:: DATASET EXCERPT ::

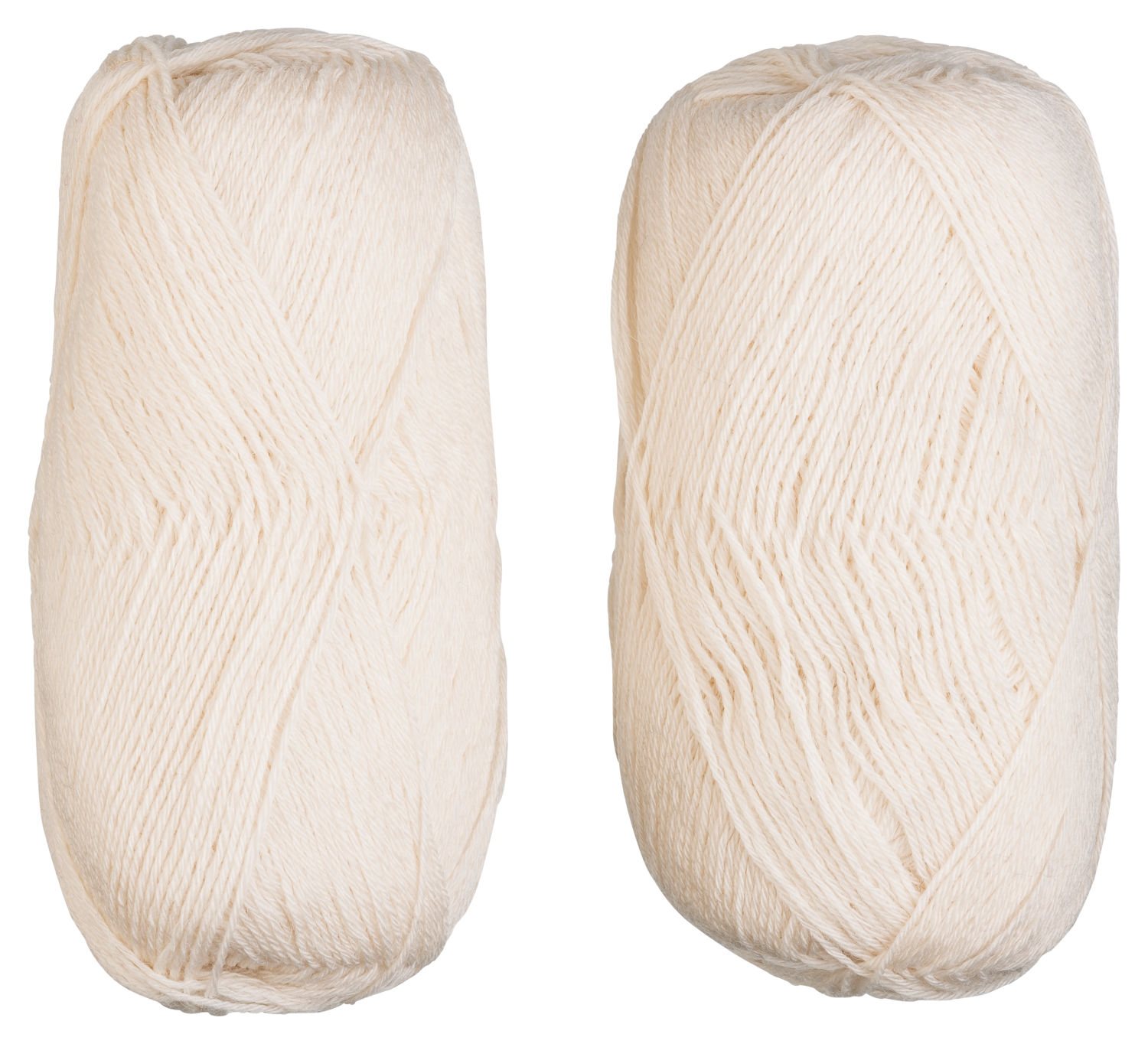 CRELANDO® 4-fädige Sockenwolle „Anika“ / 6-fädige Sockenwolle „Verena" / Flausch-Sockengarn „Celina“ (Verena/creme) Bild 3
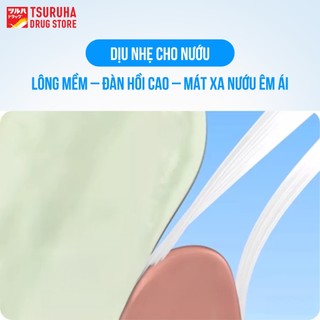 Bộ 3 Bàn Chải Đánh Răng Lông Mềm Ngừa Viêm Nha Chu Sâu Răng KURASHI RHYTHM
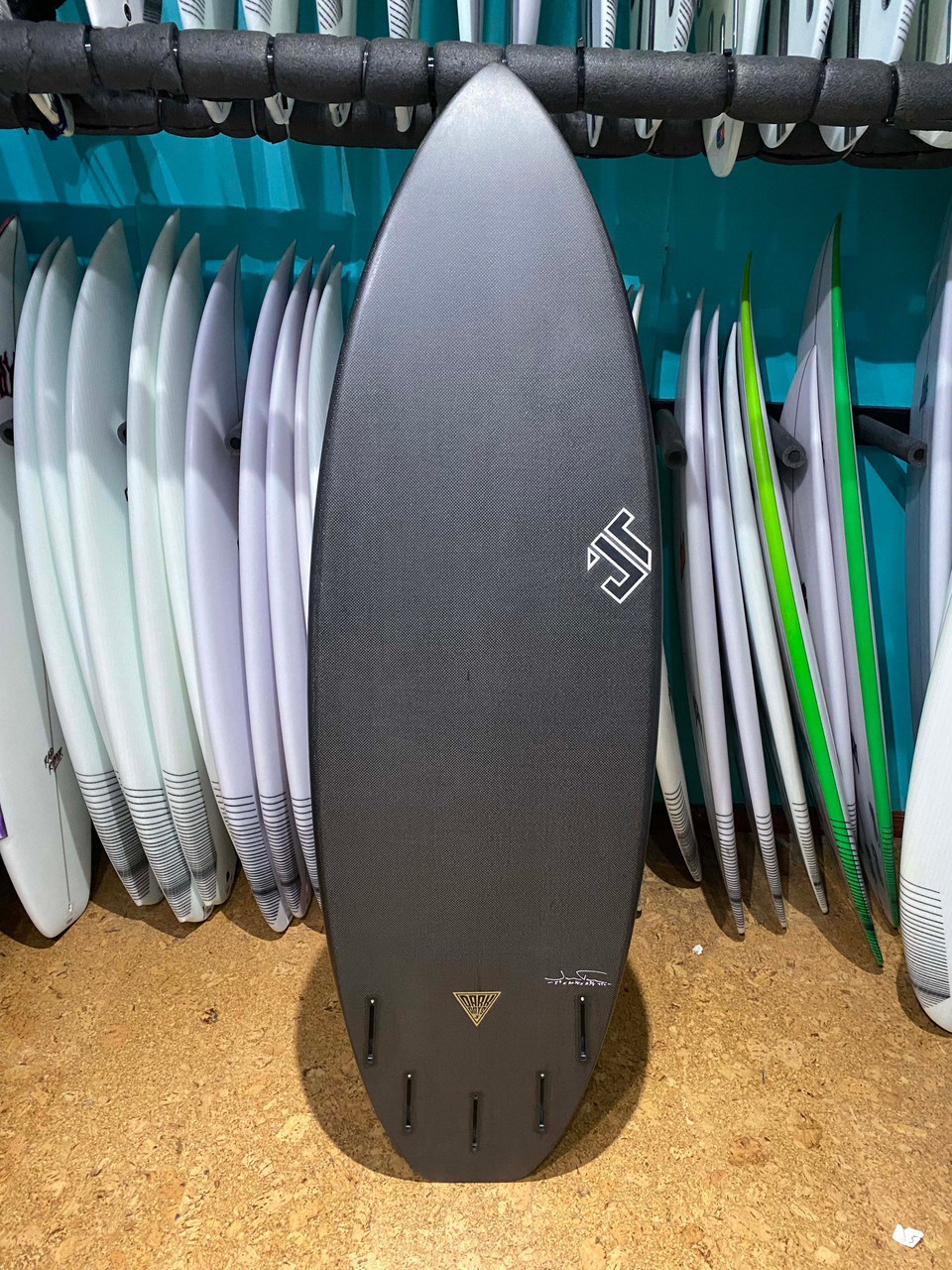 5'9 JT DAD BOD USED DARK ARTS SURFBOARD (438749) Catalyst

:::

• [WHAT IS REQUIRED] Give back the material word for word and drop the pictures it holds.

• [COMPLETED TASK]
 CRELANDO® 4-fädige Sockenwolle „Anika“ / 6-fädige Sockenwolle „Verena" / Flausch-Sockengarn „Celina“ (Verena/creme) Bild 3
 Bộ 3 Bàn Chải Đánh Răng Lông Mềm Ngừa Viêm Nha Chu Sâu Răng KURASHI RHYTHM
 5'9 JT DAD BOD USED DARK ARTS SURFBOARD (438749) Catalyst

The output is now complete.